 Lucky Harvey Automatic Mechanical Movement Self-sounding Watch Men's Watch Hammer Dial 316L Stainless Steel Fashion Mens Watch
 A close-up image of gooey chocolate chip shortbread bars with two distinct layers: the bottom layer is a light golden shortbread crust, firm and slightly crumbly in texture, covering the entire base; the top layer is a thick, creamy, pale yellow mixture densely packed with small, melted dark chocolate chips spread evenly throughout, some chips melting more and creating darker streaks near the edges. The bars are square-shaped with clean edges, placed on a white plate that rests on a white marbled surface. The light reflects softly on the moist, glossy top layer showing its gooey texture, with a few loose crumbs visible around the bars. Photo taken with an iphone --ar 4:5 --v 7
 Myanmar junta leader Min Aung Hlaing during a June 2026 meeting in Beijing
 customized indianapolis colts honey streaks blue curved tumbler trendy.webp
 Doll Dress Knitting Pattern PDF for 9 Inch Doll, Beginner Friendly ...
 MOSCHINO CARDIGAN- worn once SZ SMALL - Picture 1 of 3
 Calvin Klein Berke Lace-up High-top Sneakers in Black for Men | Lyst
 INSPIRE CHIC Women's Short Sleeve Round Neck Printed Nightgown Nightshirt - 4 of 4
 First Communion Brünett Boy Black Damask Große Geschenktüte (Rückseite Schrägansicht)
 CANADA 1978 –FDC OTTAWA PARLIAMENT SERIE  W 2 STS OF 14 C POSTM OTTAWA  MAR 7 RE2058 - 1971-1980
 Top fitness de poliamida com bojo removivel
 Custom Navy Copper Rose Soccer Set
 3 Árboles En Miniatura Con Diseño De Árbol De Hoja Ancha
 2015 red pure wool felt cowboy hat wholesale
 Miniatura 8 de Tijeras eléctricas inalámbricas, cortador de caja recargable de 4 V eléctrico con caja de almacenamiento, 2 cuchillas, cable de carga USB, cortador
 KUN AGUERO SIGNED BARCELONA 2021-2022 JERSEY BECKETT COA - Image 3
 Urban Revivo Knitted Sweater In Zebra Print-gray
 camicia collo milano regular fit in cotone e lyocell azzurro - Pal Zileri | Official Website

⁂

#### TASK PROMPT
Within the listing above, extract exactly the lines from the line with "MOSCHINO CARDIGAN- worn" to the line with "2015 red pure wool felt cowboy hat wholesale", the two named lines included, and no others.

#### RESPONSE FOR THIS EXERCISE
 MOSCHINO CARDIGAN- worn once SZ SMALL - Picture 1 of 3
 Calvin Klein Berke Lace-up High-top Sneakers in Black for Men | Lyst
 INSPIRE CHIC Women's Short Sleeve Round Neck Printed Nightgown Nightshirt - 4 of 4
 First Communion Brünett Boy Black Damask Große Geschenktüte (Rückseite Schrägansicht)
 CANADA 1978 –FDC OTTAWA PARLIAMENT SERIE  W 2 STS OF 14 C POSTM OTTAWA  MAR 7 RE2058 - 1971-1980
 Top fitness de poliamida com bojo removivel
 Custom Navy Copper Rose Soccer Set
 3 Árboles En Miniatura Con Diseño De Árbol De Hoja Ancha
 2015 red pure wool felt cowboy hat wholesale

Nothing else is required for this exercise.